▶ [GOAL OF THE EXERCISE] Only these lines of the data below are wanted: the one with "Fasson em entrevista pelo Lokomotiv", the one with "100点マウンテン　Trimark ドアラッチ ※鍵なし (中古)", and any lines between them, each repeated exactly.

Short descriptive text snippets
####################
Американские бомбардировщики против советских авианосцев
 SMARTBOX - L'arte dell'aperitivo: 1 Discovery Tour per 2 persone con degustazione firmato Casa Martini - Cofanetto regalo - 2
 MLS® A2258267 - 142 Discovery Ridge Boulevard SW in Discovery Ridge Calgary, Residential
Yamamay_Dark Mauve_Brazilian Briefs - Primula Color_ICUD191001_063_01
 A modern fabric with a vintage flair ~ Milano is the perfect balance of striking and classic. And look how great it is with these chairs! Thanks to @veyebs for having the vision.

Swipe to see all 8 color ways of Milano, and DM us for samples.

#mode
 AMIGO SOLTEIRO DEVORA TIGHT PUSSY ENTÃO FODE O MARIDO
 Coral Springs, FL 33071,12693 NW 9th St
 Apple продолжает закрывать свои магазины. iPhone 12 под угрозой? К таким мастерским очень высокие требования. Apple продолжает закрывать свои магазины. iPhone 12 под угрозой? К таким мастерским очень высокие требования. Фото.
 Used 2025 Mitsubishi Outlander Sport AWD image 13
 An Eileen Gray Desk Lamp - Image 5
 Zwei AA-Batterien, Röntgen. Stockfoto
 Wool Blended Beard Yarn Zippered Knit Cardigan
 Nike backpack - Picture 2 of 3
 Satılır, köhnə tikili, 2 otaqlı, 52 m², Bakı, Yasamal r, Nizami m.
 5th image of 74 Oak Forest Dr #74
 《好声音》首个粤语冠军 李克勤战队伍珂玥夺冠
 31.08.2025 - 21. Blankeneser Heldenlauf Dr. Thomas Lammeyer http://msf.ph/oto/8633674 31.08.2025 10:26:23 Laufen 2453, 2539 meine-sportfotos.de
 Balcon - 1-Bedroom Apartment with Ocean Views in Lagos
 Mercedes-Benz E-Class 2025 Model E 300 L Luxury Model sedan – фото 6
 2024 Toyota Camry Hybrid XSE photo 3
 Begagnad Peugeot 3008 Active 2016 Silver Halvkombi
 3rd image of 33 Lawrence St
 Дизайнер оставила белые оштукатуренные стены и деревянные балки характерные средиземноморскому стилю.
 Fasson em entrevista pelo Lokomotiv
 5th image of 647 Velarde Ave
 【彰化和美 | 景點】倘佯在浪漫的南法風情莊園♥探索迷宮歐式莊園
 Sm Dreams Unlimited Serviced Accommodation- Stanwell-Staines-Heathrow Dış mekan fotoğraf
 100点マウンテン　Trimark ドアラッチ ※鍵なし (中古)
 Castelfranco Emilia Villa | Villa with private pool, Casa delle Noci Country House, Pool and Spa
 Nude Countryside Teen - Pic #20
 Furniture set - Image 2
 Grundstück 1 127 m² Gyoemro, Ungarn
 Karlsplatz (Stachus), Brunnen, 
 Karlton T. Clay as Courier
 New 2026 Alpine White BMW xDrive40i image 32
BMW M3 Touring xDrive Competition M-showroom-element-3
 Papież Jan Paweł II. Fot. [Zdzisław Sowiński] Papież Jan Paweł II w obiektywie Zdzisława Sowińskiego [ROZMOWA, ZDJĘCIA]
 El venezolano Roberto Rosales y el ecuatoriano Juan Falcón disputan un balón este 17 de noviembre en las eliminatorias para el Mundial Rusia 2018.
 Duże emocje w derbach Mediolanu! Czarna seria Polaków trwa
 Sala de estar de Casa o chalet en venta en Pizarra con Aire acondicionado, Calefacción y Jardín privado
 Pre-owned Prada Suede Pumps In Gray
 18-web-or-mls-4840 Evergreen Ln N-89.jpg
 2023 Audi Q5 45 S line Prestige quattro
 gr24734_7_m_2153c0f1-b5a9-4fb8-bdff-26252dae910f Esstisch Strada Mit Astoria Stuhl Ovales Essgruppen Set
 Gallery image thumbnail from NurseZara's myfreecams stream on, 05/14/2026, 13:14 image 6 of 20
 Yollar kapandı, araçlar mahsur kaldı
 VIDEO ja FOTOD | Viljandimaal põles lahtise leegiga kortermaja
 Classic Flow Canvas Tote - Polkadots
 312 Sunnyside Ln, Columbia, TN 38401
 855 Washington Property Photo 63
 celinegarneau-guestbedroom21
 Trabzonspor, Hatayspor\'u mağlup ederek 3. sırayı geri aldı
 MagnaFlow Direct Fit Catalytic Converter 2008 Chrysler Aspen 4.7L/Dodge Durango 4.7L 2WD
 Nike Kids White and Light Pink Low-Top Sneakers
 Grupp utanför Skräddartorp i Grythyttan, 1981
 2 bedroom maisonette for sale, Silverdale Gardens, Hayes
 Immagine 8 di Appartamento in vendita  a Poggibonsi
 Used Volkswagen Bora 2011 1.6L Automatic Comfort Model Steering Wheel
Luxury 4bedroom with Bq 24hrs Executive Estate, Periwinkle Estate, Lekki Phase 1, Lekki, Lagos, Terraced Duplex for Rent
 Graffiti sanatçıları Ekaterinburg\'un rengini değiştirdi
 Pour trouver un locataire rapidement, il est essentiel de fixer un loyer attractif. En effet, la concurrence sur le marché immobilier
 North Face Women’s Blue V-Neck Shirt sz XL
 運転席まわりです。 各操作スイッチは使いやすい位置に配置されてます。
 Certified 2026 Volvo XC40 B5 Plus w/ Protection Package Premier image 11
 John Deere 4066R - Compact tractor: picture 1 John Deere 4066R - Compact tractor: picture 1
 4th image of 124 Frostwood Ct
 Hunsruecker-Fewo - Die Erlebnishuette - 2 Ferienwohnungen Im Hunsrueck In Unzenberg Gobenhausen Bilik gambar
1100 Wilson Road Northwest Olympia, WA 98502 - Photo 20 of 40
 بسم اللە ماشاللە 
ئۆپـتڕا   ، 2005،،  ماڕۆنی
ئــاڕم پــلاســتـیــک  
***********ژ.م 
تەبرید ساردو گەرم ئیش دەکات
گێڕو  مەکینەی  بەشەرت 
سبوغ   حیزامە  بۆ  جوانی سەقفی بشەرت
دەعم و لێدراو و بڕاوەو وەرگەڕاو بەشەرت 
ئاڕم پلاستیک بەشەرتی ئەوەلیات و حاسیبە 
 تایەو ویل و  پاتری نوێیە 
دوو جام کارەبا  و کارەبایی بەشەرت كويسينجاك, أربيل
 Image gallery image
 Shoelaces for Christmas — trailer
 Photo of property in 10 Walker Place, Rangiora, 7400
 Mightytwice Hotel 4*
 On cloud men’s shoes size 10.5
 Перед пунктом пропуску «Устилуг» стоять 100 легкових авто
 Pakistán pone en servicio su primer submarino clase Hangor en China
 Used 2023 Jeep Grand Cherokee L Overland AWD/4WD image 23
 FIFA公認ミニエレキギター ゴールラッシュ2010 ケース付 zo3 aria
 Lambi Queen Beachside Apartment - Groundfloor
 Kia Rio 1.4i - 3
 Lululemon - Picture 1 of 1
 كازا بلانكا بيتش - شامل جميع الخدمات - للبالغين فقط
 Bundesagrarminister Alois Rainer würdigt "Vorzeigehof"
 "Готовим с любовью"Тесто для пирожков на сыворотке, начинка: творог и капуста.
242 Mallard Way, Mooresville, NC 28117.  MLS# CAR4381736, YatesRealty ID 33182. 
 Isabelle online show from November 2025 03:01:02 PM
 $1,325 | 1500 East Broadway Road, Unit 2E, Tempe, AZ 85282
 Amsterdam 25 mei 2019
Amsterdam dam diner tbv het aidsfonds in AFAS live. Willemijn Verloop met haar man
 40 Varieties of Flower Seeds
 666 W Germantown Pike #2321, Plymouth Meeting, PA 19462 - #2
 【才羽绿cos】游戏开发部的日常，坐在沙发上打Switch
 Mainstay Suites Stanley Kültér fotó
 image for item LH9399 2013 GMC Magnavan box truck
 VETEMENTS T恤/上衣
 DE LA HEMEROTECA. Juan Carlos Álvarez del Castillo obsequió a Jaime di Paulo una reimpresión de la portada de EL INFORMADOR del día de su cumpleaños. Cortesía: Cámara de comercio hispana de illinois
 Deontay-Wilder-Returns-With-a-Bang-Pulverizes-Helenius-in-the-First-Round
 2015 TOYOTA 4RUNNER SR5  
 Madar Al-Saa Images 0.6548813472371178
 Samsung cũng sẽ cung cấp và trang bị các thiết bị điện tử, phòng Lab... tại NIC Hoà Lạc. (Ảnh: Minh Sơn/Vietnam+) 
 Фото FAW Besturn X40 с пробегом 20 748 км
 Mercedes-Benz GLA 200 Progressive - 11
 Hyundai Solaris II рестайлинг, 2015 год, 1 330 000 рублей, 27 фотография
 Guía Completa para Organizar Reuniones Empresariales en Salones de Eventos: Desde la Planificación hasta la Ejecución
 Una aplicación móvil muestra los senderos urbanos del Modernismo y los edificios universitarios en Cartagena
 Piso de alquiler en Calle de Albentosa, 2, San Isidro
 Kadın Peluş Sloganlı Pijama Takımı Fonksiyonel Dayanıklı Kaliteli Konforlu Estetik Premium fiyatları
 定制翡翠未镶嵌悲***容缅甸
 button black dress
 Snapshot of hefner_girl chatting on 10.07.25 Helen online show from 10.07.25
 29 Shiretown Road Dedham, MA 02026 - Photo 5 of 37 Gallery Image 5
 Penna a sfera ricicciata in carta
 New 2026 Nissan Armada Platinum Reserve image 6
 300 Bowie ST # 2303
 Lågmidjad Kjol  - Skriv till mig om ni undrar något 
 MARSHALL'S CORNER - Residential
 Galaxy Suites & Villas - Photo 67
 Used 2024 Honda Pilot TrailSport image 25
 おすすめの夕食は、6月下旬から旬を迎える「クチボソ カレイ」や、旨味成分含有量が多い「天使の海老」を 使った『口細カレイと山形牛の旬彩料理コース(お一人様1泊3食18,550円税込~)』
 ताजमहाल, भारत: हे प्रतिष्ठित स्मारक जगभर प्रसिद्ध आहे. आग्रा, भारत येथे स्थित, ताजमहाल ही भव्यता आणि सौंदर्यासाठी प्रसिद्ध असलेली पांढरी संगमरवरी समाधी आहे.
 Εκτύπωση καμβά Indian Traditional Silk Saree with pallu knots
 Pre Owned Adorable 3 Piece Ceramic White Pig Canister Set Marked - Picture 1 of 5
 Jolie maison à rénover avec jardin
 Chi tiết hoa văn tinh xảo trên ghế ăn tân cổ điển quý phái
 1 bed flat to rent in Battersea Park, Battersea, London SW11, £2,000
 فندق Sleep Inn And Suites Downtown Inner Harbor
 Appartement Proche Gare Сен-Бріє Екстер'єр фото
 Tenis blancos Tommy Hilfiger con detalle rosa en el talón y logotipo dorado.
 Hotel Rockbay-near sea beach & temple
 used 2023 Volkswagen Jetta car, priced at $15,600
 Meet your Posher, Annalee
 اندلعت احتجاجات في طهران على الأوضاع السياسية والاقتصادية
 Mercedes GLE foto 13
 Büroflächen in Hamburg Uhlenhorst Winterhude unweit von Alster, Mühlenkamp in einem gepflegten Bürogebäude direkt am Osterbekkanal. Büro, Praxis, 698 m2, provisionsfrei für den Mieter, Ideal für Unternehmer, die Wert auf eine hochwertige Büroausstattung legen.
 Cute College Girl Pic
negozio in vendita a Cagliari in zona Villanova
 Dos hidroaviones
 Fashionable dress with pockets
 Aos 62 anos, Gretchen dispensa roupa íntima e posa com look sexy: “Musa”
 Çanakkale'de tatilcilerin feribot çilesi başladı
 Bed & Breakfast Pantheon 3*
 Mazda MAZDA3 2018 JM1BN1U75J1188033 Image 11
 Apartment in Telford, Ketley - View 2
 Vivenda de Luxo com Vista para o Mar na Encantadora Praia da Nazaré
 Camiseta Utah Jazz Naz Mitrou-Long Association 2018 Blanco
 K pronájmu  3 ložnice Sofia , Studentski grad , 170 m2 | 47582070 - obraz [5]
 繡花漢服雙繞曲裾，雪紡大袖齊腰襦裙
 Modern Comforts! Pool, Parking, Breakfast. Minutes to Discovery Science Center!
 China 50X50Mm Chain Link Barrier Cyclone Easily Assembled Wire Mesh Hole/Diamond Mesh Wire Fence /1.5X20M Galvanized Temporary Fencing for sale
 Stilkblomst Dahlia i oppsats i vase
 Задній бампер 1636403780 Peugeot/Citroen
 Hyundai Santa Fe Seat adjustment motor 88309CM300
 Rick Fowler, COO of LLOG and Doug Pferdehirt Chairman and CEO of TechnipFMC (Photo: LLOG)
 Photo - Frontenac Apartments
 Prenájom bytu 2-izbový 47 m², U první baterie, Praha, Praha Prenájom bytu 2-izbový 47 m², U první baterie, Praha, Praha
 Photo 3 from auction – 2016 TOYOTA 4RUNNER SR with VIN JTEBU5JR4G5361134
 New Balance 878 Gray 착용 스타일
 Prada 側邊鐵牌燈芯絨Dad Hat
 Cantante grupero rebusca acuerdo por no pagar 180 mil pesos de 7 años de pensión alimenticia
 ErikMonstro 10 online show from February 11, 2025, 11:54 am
####################
▶ [SOLUTION TO THE EXERCISE]
 Fasson em entrevista pelo Lokomotiv
 5th image of 647 Velarde Ave
 【彰化和美 | 景點】倘佯在浪漫的南法風情莊園♥探索迷宮歐式莊園
 Sm Dreams Unlimited Serviced Accommodation- Stanwell-Staines-Heathrow Dış mekan fotoğraf
 100点マウンテン　Trimark ドアラッチ ※鍵なし (中古)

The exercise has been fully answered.